Overdetermined Systems
----------------------

So far, we considered linear systems :math:`Ax=b` with the *same* number of
equations and unknowns (i.e., :math:`A\in\mathbb R^{n\times n}`). In the case where
:math:`A\in\mathbb R^{m\times n}`, with :math:`m>n` (more equations than unknowns) the existence of a
true solution is not guaranteed, in this case we look for the "best possible"
substitute for a solution. Before analyzing what that means, let's look at how
such problems arise.

As an example, in an experiment, we measure the pressure of a gas in a closed container as a
function of the temperature. From Physics, we know that

.. math::
    pV &=& \enspace nR\frac{5}{9}(T+459.67) \\
    \Rightarrow p&=& \enspace\alpha T+\beta, \enspace\enspace\enspace \alpha=\frac{5nR}{9V}, \beta=\frac{5nR\cdot 459.67}{9V}

What are :math:`\alpha` and :math:`\beta`? Experimentally, the measurements should ideally
lie on a straight line :math:`y=c_1x+c_0`, but do not, due to measurement error. If we
have :math:`n` measurement pairs :math:`(x_1,y_1),\ldots,(x_n,y_n)` we would have wanted:

.. math::
    \left.
    \begin{array}{ccccc}
    y_1 & = & c_1x_1 & + & c_0 \\
    y_2 & = & c_1x_2 & + & c_0 \\
        & \vdots & & & \\
    y_n & = & c_1x_n & + & c_0
    \end{array}\right\}\Rightarrow\left[
    \begin{array}{cc}
    x_1 & 1 \\
    x_2 & 1 \\
    \vdots & \\
    x_n & 1
    \end{array}
    \right]\left[
    \begin{array}{c}
    c_1 \\
    c_0
    \end{array}
    \right]=\left[
    \begin{array}{c}
    y_1 \\
    y_2 \\
    \vdots \\
    y_n
    \end{array}
    \right]

Here, :math:`A_{n\times2}x_{2\times1}=b_{n\times1}` is a rectangular system.
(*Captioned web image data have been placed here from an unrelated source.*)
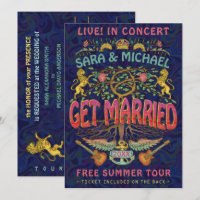 Billet de concert de groupe rétro des années 70 po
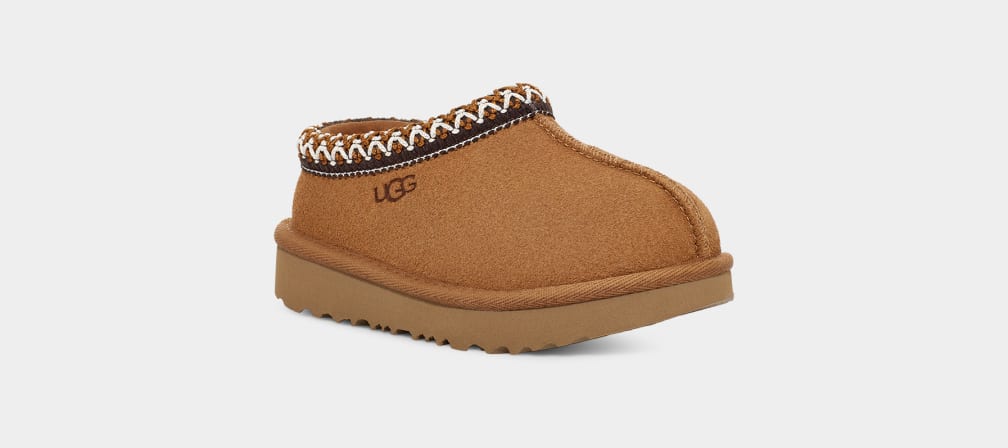 Brown Ugg Tasman II Kids' Slippers | 892610-KFO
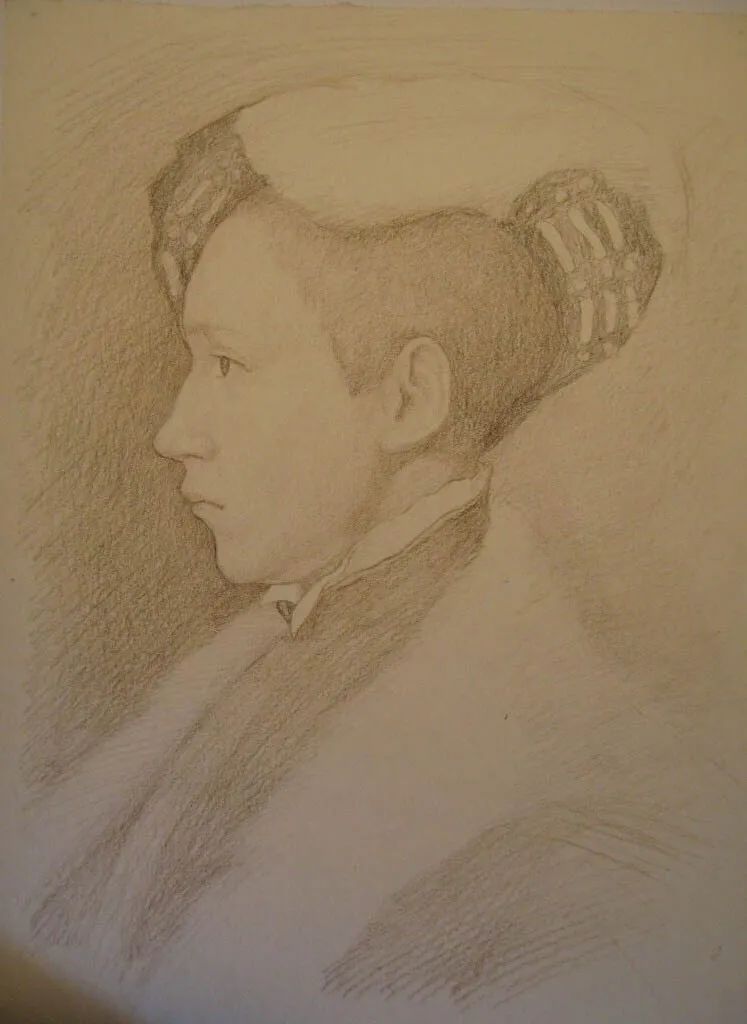 精選100幅中外大師人像作品，廣州圍墻畫室覺得你應該收藏！附圖53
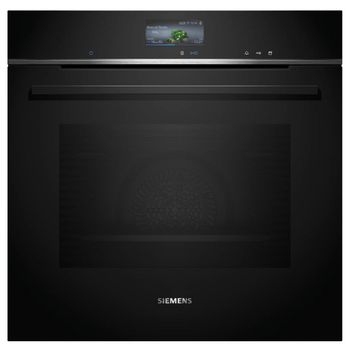 Siemens Horno Combinado De Vapor Integrado 71l 60cm A+ Pirólisis Negro - Hr776g3b1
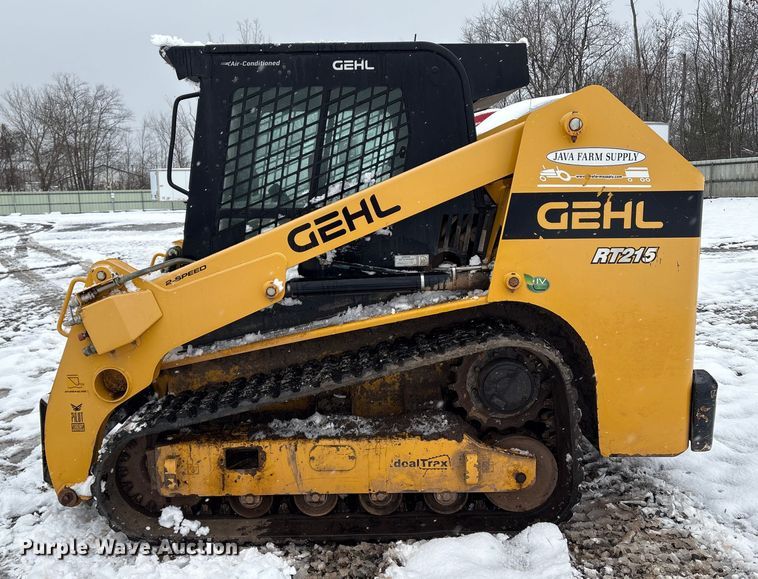 image for item YA1459 2019 Gehl RT215 tracked skid steer loader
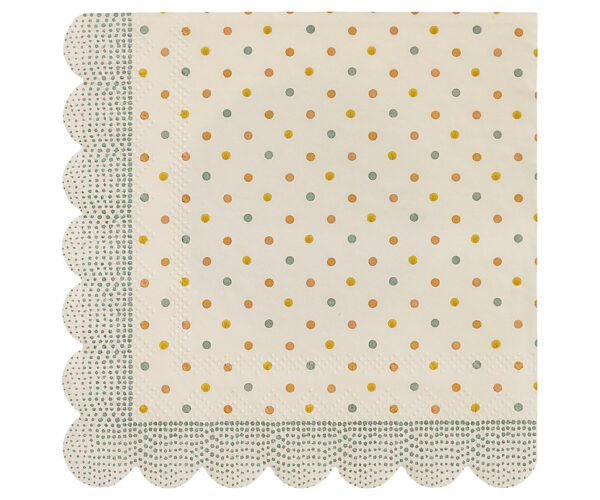 Napkin, Multi Dots - Blue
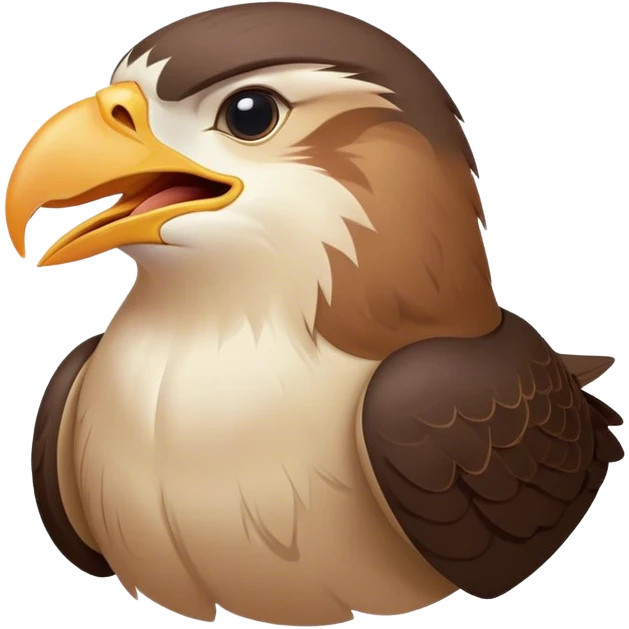 Cinematic Cute Yawning Falcon Portrait Emoji, Head tilted slightly with a dramatic, wide-open yawn, showcasing a streamlined, powerful form with a softly drooping beak and sleepy, half-closed eyes, Simplified yet irresistibly adorable features, highly detailed, glowing with a soft, cozy glow, high shine, relaxed yet expressive, stylized with a dash of whimsical aerial charm, soft glowing outline, capturing the essence of a drowsy yet affectionate falcon that appears ready to stretch out for a nap! emoji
We cannot
hope to find a true solution to this system. Instead, lets try to find an
"approximate" solution, such that :math:`Ax\approx b`. Lets look at the residual of
this "interpolation". The residual of the approximation of each data point is:

.. math::
    r_i=y_i-f(x_i)=y_i-c_1x_i-c_0

If we write the vector of all residuals:

.. math::
    r=\left[
    \begin{array}{c}
    r_1 \\
    r_2 \\
    \vdots \\
    r_n
    \end{array}
    \right]=\left[
    \begin{array}{c}
    y_1-c_1x_1-c_0 \\
    y_2-c_1x_2-c_0 \\
    \vdots \\
    y_n-c_1x_n-c_0 \\
    \end{array}
    \right]=\left[
    \begin{array}{c}
    y_1 \\
    y_2 \\
    \vdots \\
    y_n
    \end{array}
    \right]-\left[
    \begin{array}{cc}
    x_1 & 1 \\
    x_2 & 1 \\
    \vdots & \\
    x_n & 1
    \end{array}
    \right]\left[
    \begin{array}{c}
    c_1 \\
    c_0
    \end{array}
    \right]=b-Ax

Although we can't find an :math:`x` such that :math:`Ax=b` (thus, :math:`r=0`), we can at least
try to make :math:`r` *small*. As another example, consider the problem of finding the best parabola
:math:`f(x)=c_2x^2+c_1x+c_0` that fits measurements :math:`(x_1,y_1),\ldots,(x_n,y_n)`. We
would like

.. math::
    \left.
    \begin{array}{c}
    f(x_1)\approx y_1 \\
    f(x_2)\approx y_2 \\
    \vdots \\
    f(x_n)\approx y_n \\
    \end{array}
    \right\}=
    \left.
    \begin{array}{c}
    c_2x_1^2+c_1x_1+c_0\approx y_1 \\
    c_2x_2^2+c_1x_2+c_0\approx y_2 \\
    \vdots \\
    c_2x_n^2+c_1x_n+c_0\approx y_n \\
    \end{array}
    \right\}\Rightarrow
    \underbrace{
    \left[
    \begin{array}{ccc}
    x_1^2 & x_1 & 1 \\
    x_2^2 & x_2 & 1 \\
    & \vdots & \\
    x_n^2 & x_n & 1 \\
    \end{array}
    \right]}_A\underbrace{\left[
    \begin{array}{c}
    c_2 \\
    c_1 \\
    c_0
    \end{array}
    \right]}_x\approx\underbrace{\left[
    \begin{array}{c}
    y_1 \\
    y_2 \\
    \vdots \\
    y_n
    \end{array}
    \right]}_b

Once again, we would like to make :math:`r=b-Ax` as small as possible.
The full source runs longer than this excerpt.